[Dataset entries]

————

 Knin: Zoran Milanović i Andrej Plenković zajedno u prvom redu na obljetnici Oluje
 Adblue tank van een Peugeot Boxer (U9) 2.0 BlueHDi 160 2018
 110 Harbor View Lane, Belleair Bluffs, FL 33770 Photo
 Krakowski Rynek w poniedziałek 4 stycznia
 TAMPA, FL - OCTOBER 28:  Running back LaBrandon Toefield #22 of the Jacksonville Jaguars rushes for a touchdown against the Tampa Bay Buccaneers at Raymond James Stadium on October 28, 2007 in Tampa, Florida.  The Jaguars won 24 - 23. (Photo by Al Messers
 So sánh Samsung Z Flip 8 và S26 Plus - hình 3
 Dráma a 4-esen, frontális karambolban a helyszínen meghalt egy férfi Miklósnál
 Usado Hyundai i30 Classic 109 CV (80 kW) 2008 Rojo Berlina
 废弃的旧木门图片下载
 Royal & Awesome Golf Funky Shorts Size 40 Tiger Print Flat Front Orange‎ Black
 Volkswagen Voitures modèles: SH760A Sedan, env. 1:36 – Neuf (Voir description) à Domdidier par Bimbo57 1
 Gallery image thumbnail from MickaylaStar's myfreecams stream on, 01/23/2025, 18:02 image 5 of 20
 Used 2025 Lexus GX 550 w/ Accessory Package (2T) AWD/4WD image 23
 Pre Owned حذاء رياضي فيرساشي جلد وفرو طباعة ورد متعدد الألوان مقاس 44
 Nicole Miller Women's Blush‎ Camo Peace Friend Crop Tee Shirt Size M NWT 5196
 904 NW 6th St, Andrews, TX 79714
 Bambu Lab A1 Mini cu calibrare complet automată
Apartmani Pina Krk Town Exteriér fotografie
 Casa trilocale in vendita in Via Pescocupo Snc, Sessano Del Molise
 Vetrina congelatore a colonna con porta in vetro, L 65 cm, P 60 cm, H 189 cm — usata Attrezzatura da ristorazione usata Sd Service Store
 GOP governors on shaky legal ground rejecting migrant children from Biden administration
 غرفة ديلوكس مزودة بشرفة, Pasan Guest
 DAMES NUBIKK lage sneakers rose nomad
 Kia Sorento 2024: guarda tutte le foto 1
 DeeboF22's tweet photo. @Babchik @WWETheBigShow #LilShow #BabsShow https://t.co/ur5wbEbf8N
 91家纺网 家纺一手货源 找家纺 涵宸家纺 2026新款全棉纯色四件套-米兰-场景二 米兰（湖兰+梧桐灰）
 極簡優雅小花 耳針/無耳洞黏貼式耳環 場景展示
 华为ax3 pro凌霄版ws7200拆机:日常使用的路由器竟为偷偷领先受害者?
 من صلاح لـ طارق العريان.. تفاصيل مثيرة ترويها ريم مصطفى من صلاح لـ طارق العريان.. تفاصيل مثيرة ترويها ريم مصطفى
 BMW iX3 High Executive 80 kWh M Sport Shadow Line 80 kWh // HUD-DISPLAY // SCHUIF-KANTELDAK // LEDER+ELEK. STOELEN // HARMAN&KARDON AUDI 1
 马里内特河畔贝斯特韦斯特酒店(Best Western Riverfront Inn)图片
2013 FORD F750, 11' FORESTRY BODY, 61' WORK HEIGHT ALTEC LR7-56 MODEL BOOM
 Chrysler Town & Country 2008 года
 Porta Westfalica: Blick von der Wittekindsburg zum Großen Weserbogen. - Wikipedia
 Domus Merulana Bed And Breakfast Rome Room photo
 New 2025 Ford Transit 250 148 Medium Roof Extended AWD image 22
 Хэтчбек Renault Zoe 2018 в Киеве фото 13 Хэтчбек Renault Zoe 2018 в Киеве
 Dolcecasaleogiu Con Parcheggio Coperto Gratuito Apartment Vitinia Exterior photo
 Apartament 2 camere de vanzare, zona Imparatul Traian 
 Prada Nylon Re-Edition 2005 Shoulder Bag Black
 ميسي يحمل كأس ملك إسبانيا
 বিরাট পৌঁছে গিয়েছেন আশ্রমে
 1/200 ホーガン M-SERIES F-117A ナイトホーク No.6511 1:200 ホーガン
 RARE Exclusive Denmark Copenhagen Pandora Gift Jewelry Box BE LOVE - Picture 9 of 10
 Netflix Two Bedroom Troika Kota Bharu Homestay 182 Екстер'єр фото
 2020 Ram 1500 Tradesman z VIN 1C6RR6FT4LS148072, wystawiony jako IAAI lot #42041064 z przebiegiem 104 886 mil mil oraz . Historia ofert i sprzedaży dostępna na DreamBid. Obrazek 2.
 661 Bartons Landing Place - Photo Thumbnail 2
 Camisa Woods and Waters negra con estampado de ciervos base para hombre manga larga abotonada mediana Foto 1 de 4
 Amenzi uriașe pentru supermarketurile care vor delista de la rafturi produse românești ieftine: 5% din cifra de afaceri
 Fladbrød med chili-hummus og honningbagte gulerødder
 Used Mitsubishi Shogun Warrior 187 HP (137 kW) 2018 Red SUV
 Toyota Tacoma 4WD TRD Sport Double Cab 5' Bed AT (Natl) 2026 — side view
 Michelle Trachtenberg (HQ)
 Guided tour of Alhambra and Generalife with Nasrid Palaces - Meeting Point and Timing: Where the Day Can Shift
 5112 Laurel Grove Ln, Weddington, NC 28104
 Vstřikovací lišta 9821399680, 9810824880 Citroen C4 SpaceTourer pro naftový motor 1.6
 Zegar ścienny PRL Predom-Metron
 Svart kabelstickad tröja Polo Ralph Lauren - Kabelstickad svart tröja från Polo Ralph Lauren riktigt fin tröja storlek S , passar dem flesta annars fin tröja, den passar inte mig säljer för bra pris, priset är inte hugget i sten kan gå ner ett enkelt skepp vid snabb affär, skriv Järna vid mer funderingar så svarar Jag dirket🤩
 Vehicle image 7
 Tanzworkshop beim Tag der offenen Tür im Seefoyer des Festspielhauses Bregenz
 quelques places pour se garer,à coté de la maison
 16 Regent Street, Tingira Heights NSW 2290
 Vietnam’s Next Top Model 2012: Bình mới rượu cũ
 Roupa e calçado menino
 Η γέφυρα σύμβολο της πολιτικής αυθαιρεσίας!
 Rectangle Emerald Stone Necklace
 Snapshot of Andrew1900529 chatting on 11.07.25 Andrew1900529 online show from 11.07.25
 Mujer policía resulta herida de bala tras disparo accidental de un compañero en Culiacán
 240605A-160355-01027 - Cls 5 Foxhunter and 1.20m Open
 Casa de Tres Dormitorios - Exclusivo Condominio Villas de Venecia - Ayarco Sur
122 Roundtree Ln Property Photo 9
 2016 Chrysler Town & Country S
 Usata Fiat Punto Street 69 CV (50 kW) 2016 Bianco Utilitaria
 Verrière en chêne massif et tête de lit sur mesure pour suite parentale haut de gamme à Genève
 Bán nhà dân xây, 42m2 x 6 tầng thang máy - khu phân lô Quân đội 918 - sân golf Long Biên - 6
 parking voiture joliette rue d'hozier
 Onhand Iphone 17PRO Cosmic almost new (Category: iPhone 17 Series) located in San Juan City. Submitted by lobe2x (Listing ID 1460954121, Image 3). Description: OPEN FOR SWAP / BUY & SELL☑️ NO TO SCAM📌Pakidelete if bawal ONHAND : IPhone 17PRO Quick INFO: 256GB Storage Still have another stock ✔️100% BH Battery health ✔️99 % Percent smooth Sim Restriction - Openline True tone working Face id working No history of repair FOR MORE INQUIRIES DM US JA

————

[Task description]
Output the lines above between the one holding "Bán nhà dân" and the one holding "parking voiture joliette rue d'hozier", inclusive, with nothing before or after them.

[Final answer]
 Bán nhà dân xây, 42m2 x 6 tầng thang máy - khu phân lô Quân đội 918 - sân golf Long Biên - 6
 parking voiture joliette rue d'hozier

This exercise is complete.